What does work for me is to recruit social pressure. I asked all my Facebook friends and acquaintances who were interested in kicking my butt to be part of my exercise accountability team. Those who were interested joined my Facebook group, where I posted daily polls asking ‘what’s your exercise today’? This turned into a great initiative that both encouraged me to keep exercising even when I didn’t feel like it, but also helped my friends exercise more too … a win-win for everyone involved.

I’m struggling a bit with the “involve emotion” bit in the model. One might argue that the entire process involves emotion – the emotion that I’m involving is that of basic survival. I feel that my chances of survival will be greater (I’m more likely to have a positive outcome) if I can stay physically strong. So, I guess, my emotions are fully involved in this goal.
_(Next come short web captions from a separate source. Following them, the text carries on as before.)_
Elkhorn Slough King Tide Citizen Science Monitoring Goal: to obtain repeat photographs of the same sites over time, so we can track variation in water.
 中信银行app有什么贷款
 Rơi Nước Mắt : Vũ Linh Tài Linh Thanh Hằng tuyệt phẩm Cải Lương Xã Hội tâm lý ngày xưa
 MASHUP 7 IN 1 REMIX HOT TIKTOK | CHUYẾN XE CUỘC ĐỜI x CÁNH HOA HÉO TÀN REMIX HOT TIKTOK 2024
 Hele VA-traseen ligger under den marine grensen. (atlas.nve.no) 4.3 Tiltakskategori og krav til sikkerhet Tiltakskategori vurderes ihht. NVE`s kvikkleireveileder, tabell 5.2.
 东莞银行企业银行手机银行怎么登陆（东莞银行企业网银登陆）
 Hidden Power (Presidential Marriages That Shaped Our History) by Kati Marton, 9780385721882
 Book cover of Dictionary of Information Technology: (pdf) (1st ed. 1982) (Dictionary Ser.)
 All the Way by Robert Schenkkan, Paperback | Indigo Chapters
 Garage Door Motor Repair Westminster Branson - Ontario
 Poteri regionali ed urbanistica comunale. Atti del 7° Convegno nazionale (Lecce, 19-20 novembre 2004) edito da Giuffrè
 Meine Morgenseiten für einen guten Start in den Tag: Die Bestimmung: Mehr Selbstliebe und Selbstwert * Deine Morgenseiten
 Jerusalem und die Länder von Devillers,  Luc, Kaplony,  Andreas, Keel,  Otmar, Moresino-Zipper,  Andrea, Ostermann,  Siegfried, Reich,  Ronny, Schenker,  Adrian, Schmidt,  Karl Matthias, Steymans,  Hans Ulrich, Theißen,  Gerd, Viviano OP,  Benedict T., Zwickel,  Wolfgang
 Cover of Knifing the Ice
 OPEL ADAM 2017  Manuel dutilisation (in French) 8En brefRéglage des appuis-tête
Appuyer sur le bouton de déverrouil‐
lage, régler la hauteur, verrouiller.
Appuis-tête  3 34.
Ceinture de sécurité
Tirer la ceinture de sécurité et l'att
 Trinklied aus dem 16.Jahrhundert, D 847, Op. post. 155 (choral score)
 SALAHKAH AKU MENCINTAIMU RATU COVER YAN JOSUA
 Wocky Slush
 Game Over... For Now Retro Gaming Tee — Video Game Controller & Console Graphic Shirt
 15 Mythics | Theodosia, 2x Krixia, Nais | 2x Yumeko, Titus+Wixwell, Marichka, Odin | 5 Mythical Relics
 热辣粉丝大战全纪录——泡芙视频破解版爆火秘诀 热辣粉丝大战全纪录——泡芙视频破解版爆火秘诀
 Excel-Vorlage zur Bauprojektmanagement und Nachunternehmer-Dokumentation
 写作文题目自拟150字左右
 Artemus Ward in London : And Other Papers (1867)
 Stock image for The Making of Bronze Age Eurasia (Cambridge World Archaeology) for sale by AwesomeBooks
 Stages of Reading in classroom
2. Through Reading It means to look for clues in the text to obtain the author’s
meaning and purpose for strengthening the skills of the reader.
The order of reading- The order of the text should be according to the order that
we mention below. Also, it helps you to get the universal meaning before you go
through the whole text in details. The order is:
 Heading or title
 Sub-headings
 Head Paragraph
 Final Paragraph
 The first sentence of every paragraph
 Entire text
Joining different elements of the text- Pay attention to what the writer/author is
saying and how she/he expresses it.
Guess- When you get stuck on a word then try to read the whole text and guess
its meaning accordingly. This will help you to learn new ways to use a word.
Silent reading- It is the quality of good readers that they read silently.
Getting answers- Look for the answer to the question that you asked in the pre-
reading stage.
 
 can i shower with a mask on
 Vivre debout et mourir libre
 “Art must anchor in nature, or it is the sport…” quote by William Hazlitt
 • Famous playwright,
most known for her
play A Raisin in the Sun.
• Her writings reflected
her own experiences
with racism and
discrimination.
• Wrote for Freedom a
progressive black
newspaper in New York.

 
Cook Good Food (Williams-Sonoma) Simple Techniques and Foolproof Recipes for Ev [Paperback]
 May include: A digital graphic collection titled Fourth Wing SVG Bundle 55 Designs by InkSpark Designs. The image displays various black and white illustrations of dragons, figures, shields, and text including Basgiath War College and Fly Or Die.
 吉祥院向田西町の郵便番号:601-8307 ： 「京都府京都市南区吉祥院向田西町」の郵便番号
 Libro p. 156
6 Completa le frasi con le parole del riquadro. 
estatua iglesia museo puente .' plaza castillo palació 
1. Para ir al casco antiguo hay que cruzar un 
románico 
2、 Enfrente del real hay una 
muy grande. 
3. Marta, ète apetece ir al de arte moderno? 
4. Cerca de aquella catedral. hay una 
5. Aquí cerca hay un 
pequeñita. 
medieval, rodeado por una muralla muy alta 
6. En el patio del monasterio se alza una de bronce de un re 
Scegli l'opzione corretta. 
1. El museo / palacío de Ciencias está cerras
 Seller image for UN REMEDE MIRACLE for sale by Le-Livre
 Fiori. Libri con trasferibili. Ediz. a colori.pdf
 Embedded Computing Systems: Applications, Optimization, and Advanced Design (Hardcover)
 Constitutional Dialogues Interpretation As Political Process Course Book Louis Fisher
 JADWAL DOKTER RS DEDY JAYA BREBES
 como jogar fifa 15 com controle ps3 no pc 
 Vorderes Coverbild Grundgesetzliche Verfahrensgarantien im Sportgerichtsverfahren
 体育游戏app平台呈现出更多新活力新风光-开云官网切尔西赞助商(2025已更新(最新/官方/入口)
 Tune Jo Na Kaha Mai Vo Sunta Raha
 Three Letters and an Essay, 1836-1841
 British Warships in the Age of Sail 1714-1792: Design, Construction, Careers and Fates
I want to say that he used the term habit and rule interchangeably. I like the ‘rule’ idea better than the habit idea. In the video he gives examples of how we might create rules that make it easier for us to make decisions. If you have a rule that you never eat dessert at a restaurant, then you don’t need to look at the dessert menu. You have made a rule that you just follow. Somehow the whole concept of creating rules for myself resonates a whole lot better than trying to form habits.

For me, the rule is that I need to do at least one kind of exercise every day – except on chemo days. This means that I either walk, bike, or swim every single day. In addition to chemo day, I allow myself one day off per week (which I rarely take). For the most part, I’ve been very good at keeping this up.

So, I can see how the concept of a Ulysses contract can be used to help motivate and maintain a positive behavior change. What do you think?

 

 

 

1 Comment

  1. I’m missing this week of the course so thanks for update and the video. Good tips on motivation. Was doing my consultation with the oncologist prior to my chemo yesterday and the guy was all over me for tying up resources with requests that other patients didn’t seem to need. My first unspoken response was maybe YOU should wonder why I need answers why it’s MY fault not getting them.

    Instead I clammed up and and let him work out his dislike for me as being a “problem” and now work out a lower stress solution for both of us. My original idea was to try and redo my history with this person. A lot of trouble for a minor player in my care who’s decided about me and I don’t need to please. So now my goal is to become a listener and drop all the urge to correct a person disrupting my healing.

    I find it strangely comforting to withdraw from defending myself but also motivated by the fact that dropping my guard suddenly reveals help all around me.